→ Task statement: The records must be returned word for word.

*** Data

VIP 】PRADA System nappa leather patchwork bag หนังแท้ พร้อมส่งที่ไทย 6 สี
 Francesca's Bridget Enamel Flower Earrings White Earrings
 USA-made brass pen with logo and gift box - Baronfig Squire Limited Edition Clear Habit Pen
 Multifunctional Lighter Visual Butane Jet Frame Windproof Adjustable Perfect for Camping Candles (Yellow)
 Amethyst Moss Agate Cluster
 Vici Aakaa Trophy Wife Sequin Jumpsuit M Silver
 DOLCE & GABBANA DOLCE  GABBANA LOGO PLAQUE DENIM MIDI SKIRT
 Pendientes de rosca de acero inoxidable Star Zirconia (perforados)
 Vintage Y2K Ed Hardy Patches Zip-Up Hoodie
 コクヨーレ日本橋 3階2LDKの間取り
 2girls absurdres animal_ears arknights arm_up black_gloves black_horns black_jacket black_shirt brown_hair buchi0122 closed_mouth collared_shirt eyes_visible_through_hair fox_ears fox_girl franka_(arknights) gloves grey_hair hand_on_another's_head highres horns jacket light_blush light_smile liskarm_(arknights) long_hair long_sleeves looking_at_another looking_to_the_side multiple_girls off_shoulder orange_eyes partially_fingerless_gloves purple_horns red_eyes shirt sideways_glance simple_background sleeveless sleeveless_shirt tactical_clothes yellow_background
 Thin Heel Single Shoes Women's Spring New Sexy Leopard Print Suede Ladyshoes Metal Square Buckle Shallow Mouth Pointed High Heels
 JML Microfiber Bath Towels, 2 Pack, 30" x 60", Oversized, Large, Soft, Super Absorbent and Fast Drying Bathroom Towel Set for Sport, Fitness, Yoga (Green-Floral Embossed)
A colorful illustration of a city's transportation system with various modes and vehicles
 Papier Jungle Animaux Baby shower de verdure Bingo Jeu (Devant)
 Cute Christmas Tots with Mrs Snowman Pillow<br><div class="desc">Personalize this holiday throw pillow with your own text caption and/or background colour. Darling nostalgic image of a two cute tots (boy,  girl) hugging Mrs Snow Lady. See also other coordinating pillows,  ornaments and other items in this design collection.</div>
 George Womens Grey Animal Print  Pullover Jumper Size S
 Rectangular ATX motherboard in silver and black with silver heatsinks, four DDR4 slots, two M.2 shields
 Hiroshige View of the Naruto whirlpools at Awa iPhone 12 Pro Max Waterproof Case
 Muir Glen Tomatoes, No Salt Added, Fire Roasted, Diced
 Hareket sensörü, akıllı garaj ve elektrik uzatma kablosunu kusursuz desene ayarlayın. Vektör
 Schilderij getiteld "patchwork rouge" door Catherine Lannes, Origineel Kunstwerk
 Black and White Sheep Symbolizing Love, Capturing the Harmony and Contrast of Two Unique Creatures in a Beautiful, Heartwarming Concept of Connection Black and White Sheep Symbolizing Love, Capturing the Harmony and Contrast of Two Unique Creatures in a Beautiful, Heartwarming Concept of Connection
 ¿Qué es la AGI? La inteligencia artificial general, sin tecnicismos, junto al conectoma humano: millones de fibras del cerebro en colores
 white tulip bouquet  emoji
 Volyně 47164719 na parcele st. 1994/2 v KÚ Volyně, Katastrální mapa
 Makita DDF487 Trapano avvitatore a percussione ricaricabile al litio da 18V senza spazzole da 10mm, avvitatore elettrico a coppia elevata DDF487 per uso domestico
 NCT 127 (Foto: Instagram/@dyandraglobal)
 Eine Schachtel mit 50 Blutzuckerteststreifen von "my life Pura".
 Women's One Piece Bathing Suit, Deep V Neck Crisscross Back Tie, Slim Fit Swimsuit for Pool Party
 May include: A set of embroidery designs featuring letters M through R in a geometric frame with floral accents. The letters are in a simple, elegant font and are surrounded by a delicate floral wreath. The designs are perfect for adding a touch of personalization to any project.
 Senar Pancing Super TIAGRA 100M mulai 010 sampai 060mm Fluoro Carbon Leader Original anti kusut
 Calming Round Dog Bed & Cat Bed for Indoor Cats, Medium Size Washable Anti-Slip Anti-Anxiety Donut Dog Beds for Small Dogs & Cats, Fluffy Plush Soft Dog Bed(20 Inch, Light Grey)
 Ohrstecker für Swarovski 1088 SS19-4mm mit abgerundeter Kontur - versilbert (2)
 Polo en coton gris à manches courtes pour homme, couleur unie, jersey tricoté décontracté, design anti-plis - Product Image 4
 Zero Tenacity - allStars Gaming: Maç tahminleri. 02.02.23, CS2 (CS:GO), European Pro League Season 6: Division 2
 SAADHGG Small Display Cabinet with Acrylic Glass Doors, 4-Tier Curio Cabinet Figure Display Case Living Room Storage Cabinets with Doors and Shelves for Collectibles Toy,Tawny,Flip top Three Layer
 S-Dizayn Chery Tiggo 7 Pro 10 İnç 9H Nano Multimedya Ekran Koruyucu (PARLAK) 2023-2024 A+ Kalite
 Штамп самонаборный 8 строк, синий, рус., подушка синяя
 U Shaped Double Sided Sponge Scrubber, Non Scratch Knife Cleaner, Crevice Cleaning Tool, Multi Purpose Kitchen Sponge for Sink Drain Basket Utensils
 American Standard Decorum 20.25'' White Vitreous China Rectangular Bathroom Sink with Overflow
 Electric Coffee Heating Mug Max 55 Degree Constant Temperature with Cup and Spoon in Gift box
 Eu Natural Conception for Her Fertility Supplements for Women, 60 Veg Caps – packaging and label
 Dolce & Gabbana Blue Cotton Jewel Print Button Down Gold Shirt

******

→ Expected answer:
VIP 】PRADA System nappa leather patchwork bag หนังแท้ พร้อมส่งที่ไทย 6 สี
 Francesca's Bridget Enamel Flower Earrings White Earrings
 USA-made brass pen with logo and gift box - Baronfig Squire Limited Edition Clear Habit Pen
 Multifunctional Lighter Visual Butane Jet Frame Windproof Adjustable Perfect for Camping Candles (Yellow)
 Amethyst Moss Agate Cluster
 Vici Aakaa Trophy Wife Sequin Jumpsuit M Silver
 DOLCE & GABBANA DOLCE  GABBANA LOGO PLAQUE DENIM MIDI SKIRT
 Pendientes de rosca de acero inoxidable Star Zirconia (perforados)
 Vintage Y2K Ed Hardy Patches Zip-Up Hoodie
 コクヨーレ日本橋 3階2LDKの間取り
 2girls absurdres animal_ears arknights arm_up black_gloves black_horns black_jacket black_shirt brown_hair buchi0122 closed_mouth collared_shirt eyes_visible_through_hair fox_ears fox_girl franka_(arknights) gloves grey_hair hand_on_another's_head highres horns jacket light_blush light_smile liskarm_(arknights) long_hair long_sleeves looking_at_another looking_to_the_side multiple_girls off_shoulder orange_eyes partially_fingerless_gloves purple_horns red_eyes shirt sideways_glance simple_background sleeveless sleeveless_shirt tactical_clothes yellow_background
 Thin Heel Single Shoes Women's Spring New Sexy Leopard Print Suede Ladyshoes Metal Square Buckle Shallow Mouth Pointed High Heels
 JML Microfiber Bath Towels, 2 Pack, 30" x 60", Oversized, Large, Soft, Super Absorbent and Fast Drying Bathroom Towel Set for Sport, Fitness, Yoga (Green-Floral Embossed)
A colorful illustration of a city's transportation system with various modes and vehicles
 Papier Jungle Animaux Baby shower de verdure Bingo Jeu (Devant)
 Cute Christmas Tots with Mrs Snowman Pillow<br><div class="desc">Personalize this holiday throw pillow with your own text caption and/or background colour. Darling nostalgic image of a two cute tots (boy,  girl) hugging Mrs Snow Lady. See also other coordinating pillows,  ornaments and other items in this design collection.</div>
 George Womens Grey Animal Print  Pullover Jumper Size S
 Rectangular ATX motherboard in silver and black with silver heatsinks, four DDR4 slots, two M.2 shields
 Hiroshige View of the Naruto whirlpools at Awa iPhone 12 Pro Max Waterproof Case
 Muir Glen Tomatoes, No Salt Added, Fire Roasted, Diced
 Hareket sensörü, akıllı garaj ve elektrik uzatma kablosunu kusursuz desene ayarlayın. Vektör
 Schilderij getiteld "patchwork rouge" door Catherine Lannes, Origineel Kunstwerk
 Black and White Sheep Symbolizing Love, Capturing the Harmony and Contrast of Two Unique Creatures in a Beautiful, Heartwarming Concept of Connection Black and White Sheep Symbolizing Love, Capturing the Harmony and Contrast of Two Unique Creatures in a Beautiful, Heartwarming Concept of Connection
 ¿Qué es la AGI? La inteligencia artificial general, sin tecnicismos, junto al conectoma humano: millones de fibras del cerebro en colores
 white tulip bouquet  emoji
 Volyně 47164719 na parcele st. 1994/2 v KÚ Volyně, Katastrální mapa
 Makita DDF487 Trapano avvitatore a percussione ricaricabile al litio da 18V senza spazzole da 10mm, avvitatore elettrico a coppia elevata DDF487 per uso domestico
 NCT 127 (Foto: Instagram/@dyandraglobal)
 Eine Schachtel mit 50 Blutzuckerteststreifen von "my life Pura".
 Women's One Piece Bathing Suit, Deep V Neck Crisscross Back Tie, Slim Fit Swimsuit for Pool Party
 May include: A set of embroidery designs featuring letters M through R in a geometric frame with floral accents. The letters are in a simple, elegant font and are surrounded by a delicate floral wreath. The designs are perfect for adding a touch of personalization to any project.
 Senar Pancing Super TIAGRA 100M mulai 010 sampai 060mm Fluoro Carbon Leader Original anti kusut
 Calming Round Dog Bed & Cat Bed for Indoor Cats, Medium Size Washable Anti-Slip Anti-Anxiety Donut Dog Beds for Small Dogs & Cats, Fluffy Plush Soft Dog Bed(20 Inch, Light Grey)
 Ohrstecker für Swarovski 1088 SS19-4mm mit abgerundeter Kontur - versilbert (2)
 Polo en coton gris à manches courtes pour homme, couleur unie, jersey tricoté décontracté, design anti-plis - Product Image 4
 Zero Tenacity - allStars Gaming: Maç tahminleri. 02.02.23, CS2 (CS:GO), European Pro League Season 6: Division 2
 SAADHGG Small Display Cabinet with Acrylic Glass Doors, 4-Tier Curio Cabinet Figure Display Case Living Room Storage Cabinets with Doors and Shelves for Collectibles Toy,Tawny,Flip top Three Layer
 S-Dizayn Chery Tiggo 7 Pro 10 İnç 9H Nano Multimedya Ekran Koruyucu (PARLAK) 2023-2024 A+ Kalite
 Штамп самонаборный 8 строк, синий, рус., подушка синяя
 U Shaped Double Sided Sponge Scrubber, Non Scratch Knife Cleaner, Crevice Cleaning Tool, Multi Purpose Kitchen Sponge for Sink Drain Basket Utensils
 American Standard Decorum 20.25'' White Vitreous China Rectangular Bathroom Sink with Overflow
 Electric Coffee Heating Mug Max 55 Degree Constant Temperature with Cup and Spoon in Gift box
 Eu Natural Conception for Her Fertility Supplements for Women, 60 Veg Caps – packaging and label
 Dolce & Gabbana Blue Cotton Jewel Print Button Down Gold Shirt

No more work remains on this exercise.